The WHO reported in 1998 that 3.1% of tuberculosis cases in humans worldwide are attributable to M. bovis and that in 0.4-10% of sputum isolates from patients in African countries, M. bovis is isolated. Sputum samples were collected from a total of 917 smear-positive TB patients enrolled in a national drug resistance survey in the nine provinces of Zambia and another 100 patients enrolled in a separate TB survey conducted in the pastoral area of Namwala district of Southern province of Zambia between 2008 and 2011. Based on Spoligotyping, eight of the isolates from both surveys were confirmed as M. bovis belonging to the SB 0120 Spoligotype. The two surveys provided an opportunity to document isolation of M. bovis from sputum samples from patients diagnosed with TB from both urban and pastoral areas of Zambia. This study therefore, highlights the public health significance of M. bovis in Zambia and the importance of screening for M. bovis as part of routine diagnosis procedures. Hence, a targeted treatment for those human patients suffering from zoonotic tuberculosis is recommended to address important differences in pathology and treatment response between different mycobateria.

Keywords
Mycobacterium bovis; Spoligotyping; Public health; Zambia
Introduction
Zambia, with a human population of 13 million people, is ranked among the world’s top ten countries with a high burden of human tuberculosis (TB) caused by Mycobacterium tuberculosis.
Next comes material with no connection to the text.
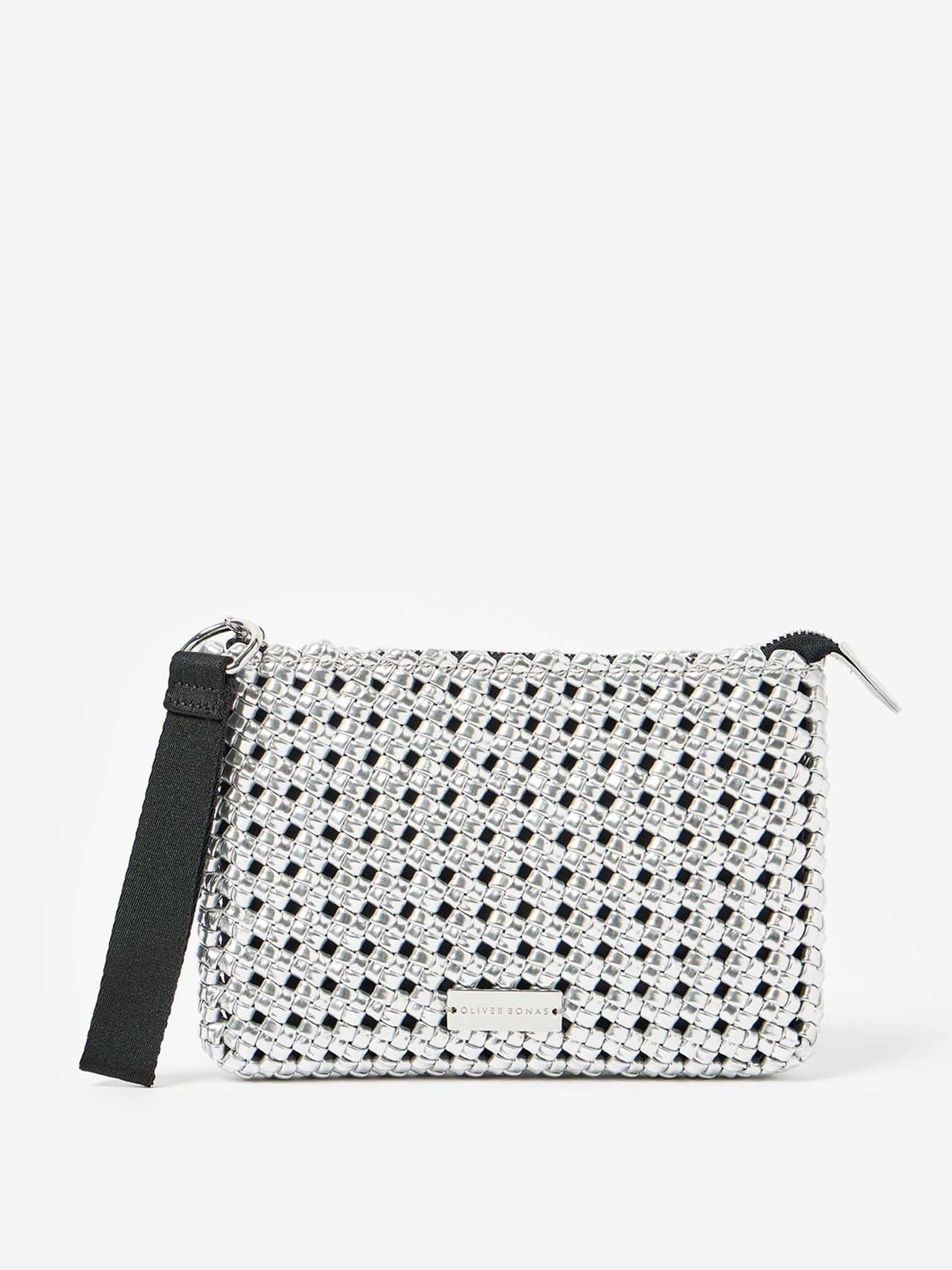 Lizzie silver metallic braided pouch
The World Health Organization (WHO) estimates the incidence of human TB in Zambia to be 707/100 000 [1,2]. Human TB, although an ancient disease, has re-emerged with devastating impact upon global public health and currently one of the most widespread infectious diseases and a leading cause of death due to a single infectious agent among human adults in the world [3]. TB is caused by members of the Mycobacterium tuberculosis complex (MTC), which include Mycobacterium tuberculosis, Mycobacterium bovis, Mycobacterium africanum, Mycobacterium caprae, Mycobacterium microti, Mycobacterium pinnipedii and Mycobacterium canettii [3]. M. bovis shows a high degree of virulence for both humans and animals [4]. The WHO reported in 1998 that 3.1% of tuberculosis cases in humans worldwide are attributable to M. bovis, however, depending on the country 0.4-10% of sputum isolates from patients in African countries were identified as M. bovis [5]. This is despite the fact that M. bovis is associated with extra-pulmonary disease in humans [5]. Data on the prevalence of human disease due to M. bovis in Zambia and other developing countries is limited, owing to the technical problems posed by isolation and identification of this species during routine diagnosis [6-8]. The other additional factor that these developing countries are now facing is the HIV/AIDS pandemic, which favours human-to-human transmission of M. bovis leading rapidly to disease [4]. In a study conducted in Uganda by Oloya et al. [9], a prevalence of 7% M. bovis infections was reported in humans suffering from cervical lymphadenitis in a pastoral community in the Karamoja region [9]. Another study conducted in Tanzania on human patients with cases of lymphadenitis by Kazwala et al. [7] found 16% of cases due to M. bovis [7]. In Zaire (now Democratic republic of Congo), M. bovis was isolated from gastric secretions in two of five patients with pulmonary TB [10]. Although M. bovis is associated with extra - pulmonary TB, it has however, been isolated from sputum samples of patients with pulmonary TB from Nigeria [11]. In addition, TB due to M. bovis infection could be an economic and public health threat in developing countries [12].
 
We report the isolation, diagnostic significance and possible public health implication of M. bovis isolation from human TB patients in Zambia.
Materials and Methods
Study area and sample collection
Sputum samples were collected from a total of 917 smear-positive TB patients enrolled in a national drug resistance survey in the nine provinces of Zambia and another 100 patients were enrolled in a separate TB survey conducted in the pastoral area of Namwala district of Southern province of Zambia between 2008 and 2011.Trained and well qualified staffs were involved in patient recruitment. Only consecutive newly diagnosed patients were recruited. Patients were requested to submit a spot and an early morning sputum sample in a 50ml screw-cap centrifuge tube (Falcon, Becton Dickinson, USA) before they started TB treatment.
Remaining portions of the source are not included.